**Data provided:**

****************

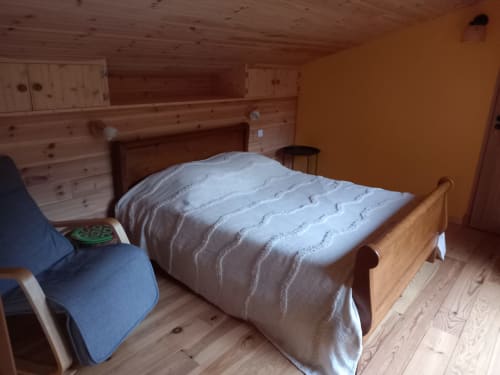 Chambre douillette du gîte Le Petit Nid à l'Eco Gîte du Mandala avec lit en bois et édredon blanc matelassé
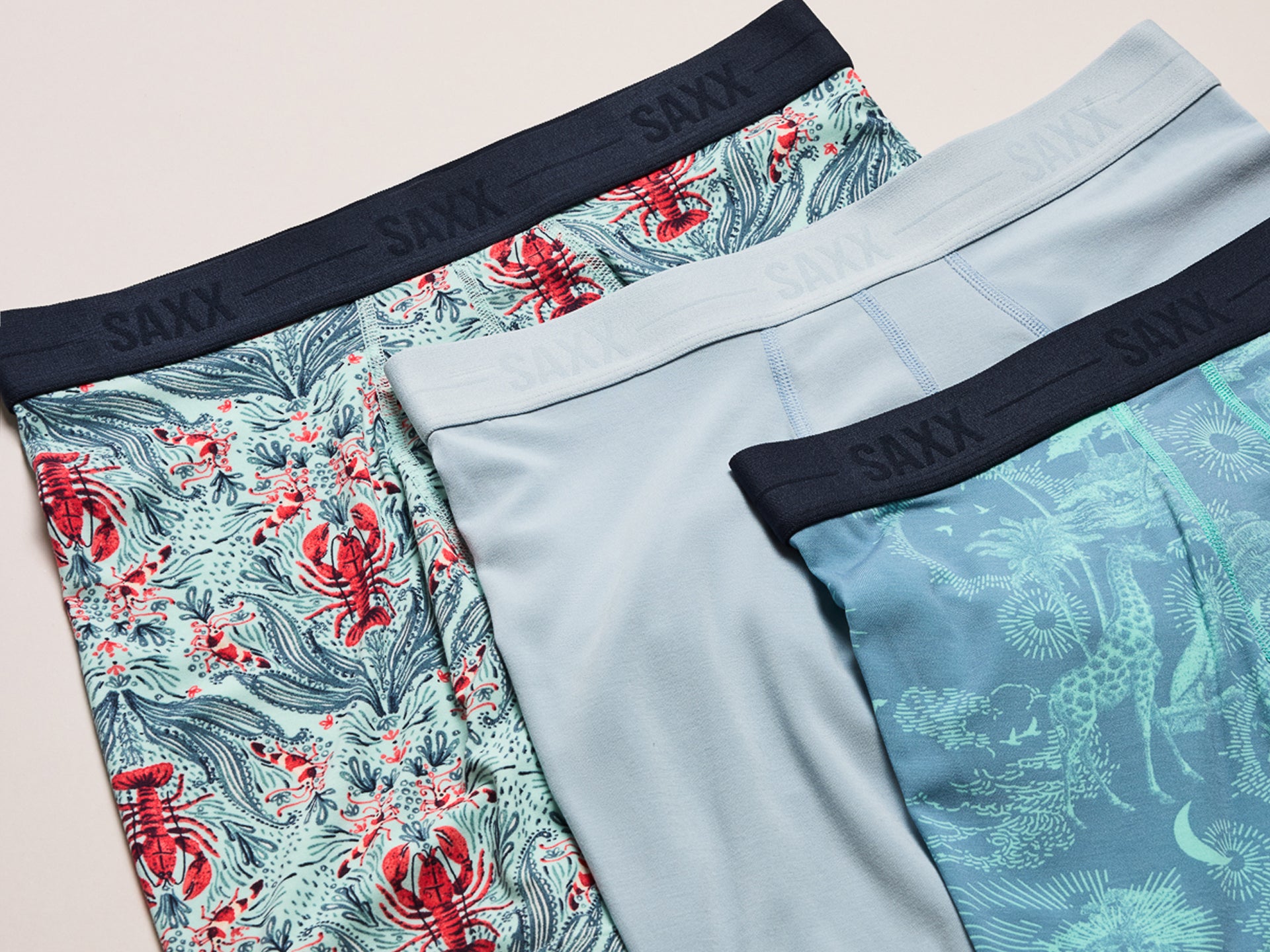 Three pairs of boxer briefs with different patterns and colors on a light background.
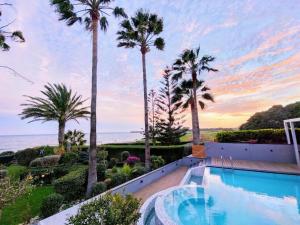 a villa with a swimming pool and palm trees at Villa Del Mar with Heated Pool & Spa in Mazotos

****************

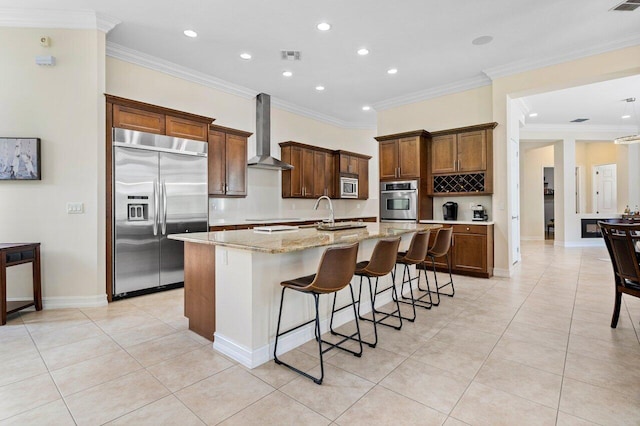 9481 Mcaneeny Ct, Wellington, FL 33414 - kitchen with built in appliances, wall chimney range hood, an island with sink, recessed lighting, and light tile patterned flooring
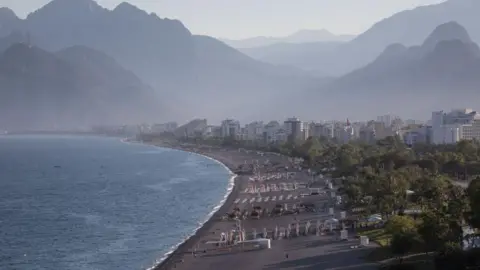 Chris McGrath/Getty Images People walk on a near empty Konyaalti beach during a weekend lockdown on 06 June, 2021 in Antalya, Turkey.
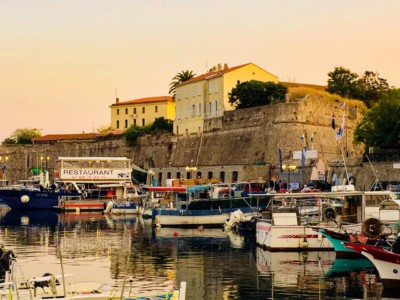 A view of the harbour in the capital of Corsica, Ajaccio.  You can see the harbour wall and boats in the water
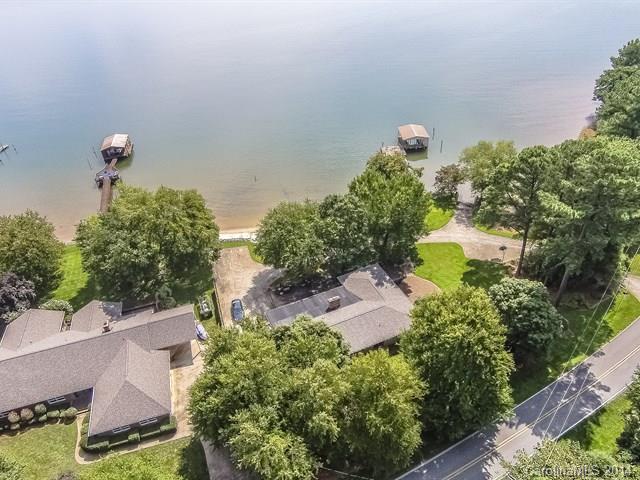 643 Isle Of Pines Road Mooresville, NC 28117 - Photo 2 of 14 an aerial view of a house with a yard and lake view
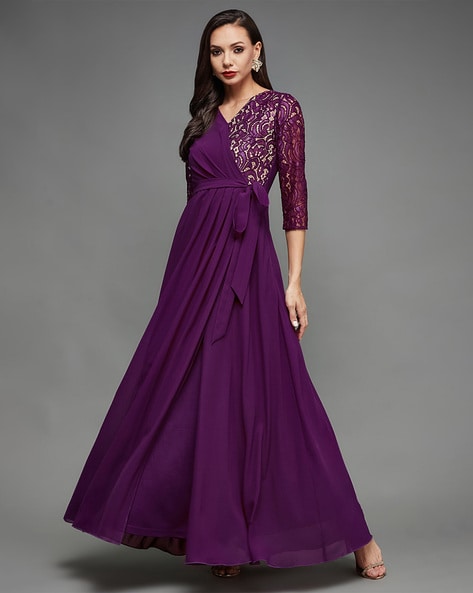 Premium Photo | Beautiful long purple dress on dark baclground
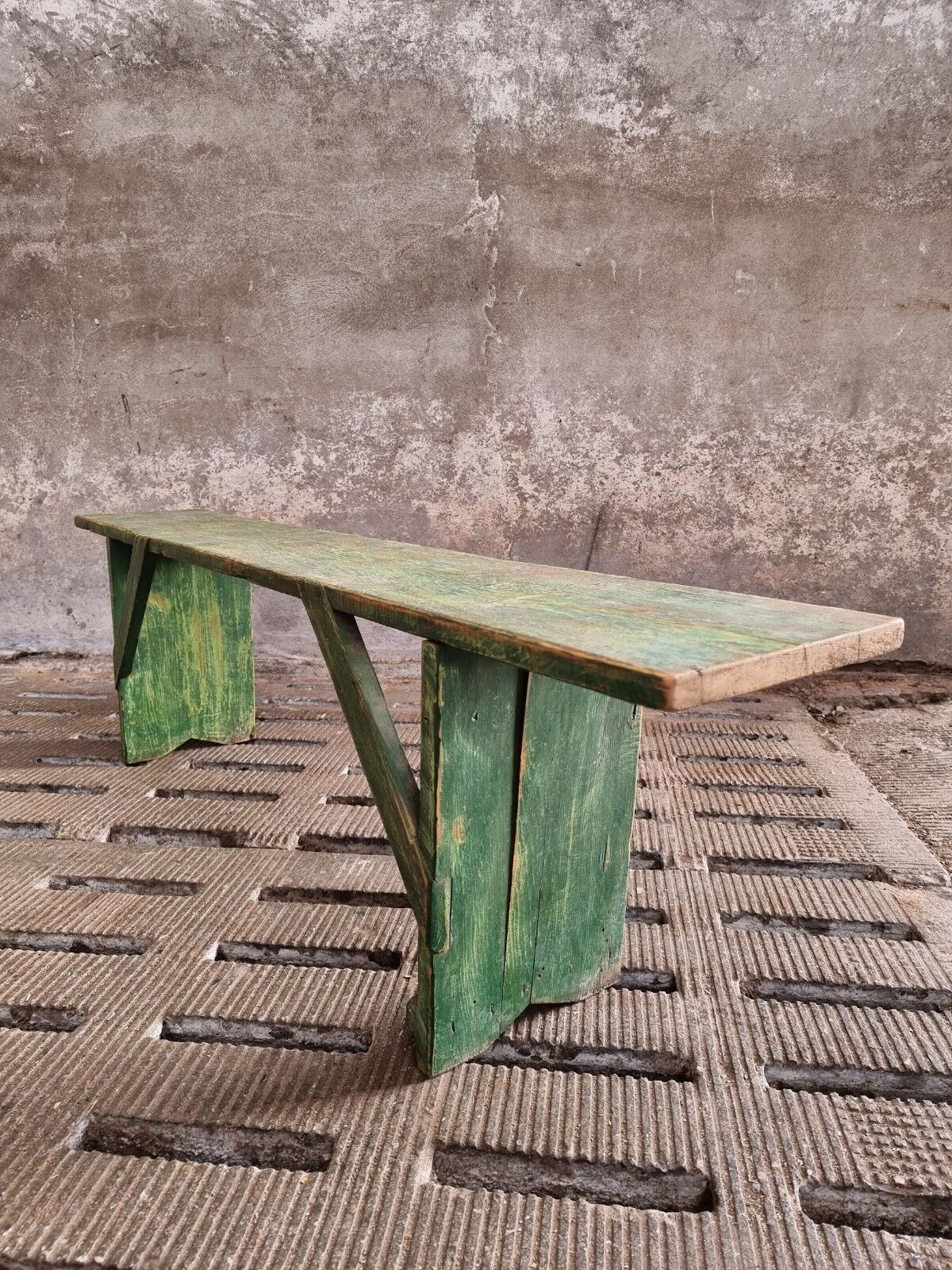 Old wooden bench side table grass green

****************

Output only the stretch above from the line with "9481 Mcaneeny Ct, Wellington, FL" through the line with "Old wooden bench side table grass green", reproduced exactly. Exclude pictures.

**Task solution:**
 9481 Mcaneeny Ct, Wellington, FL 33414 - kitchen with built in appliances, wall chimney range hood, an island with sink, recessed lighting, and light tile patterned flooring
 Chris McGrath/Getty Images People walk on a near empty Konyaalti beach during a weekend lockdown on 06 June, 2021 in Antalya, Turkey.
 A view of the harbour in the capital of Corsica, Ajaccio.  You can see the harbour wall and boats in the water
 643 Isle Of Pines Road Mooresville, NC 28117 - Photo 2 of 14 an aerial view of a house with a yard and lake view
 Premium Photo | Beautiful long purple dress on dark baclground
 Old wooden bench side table grass green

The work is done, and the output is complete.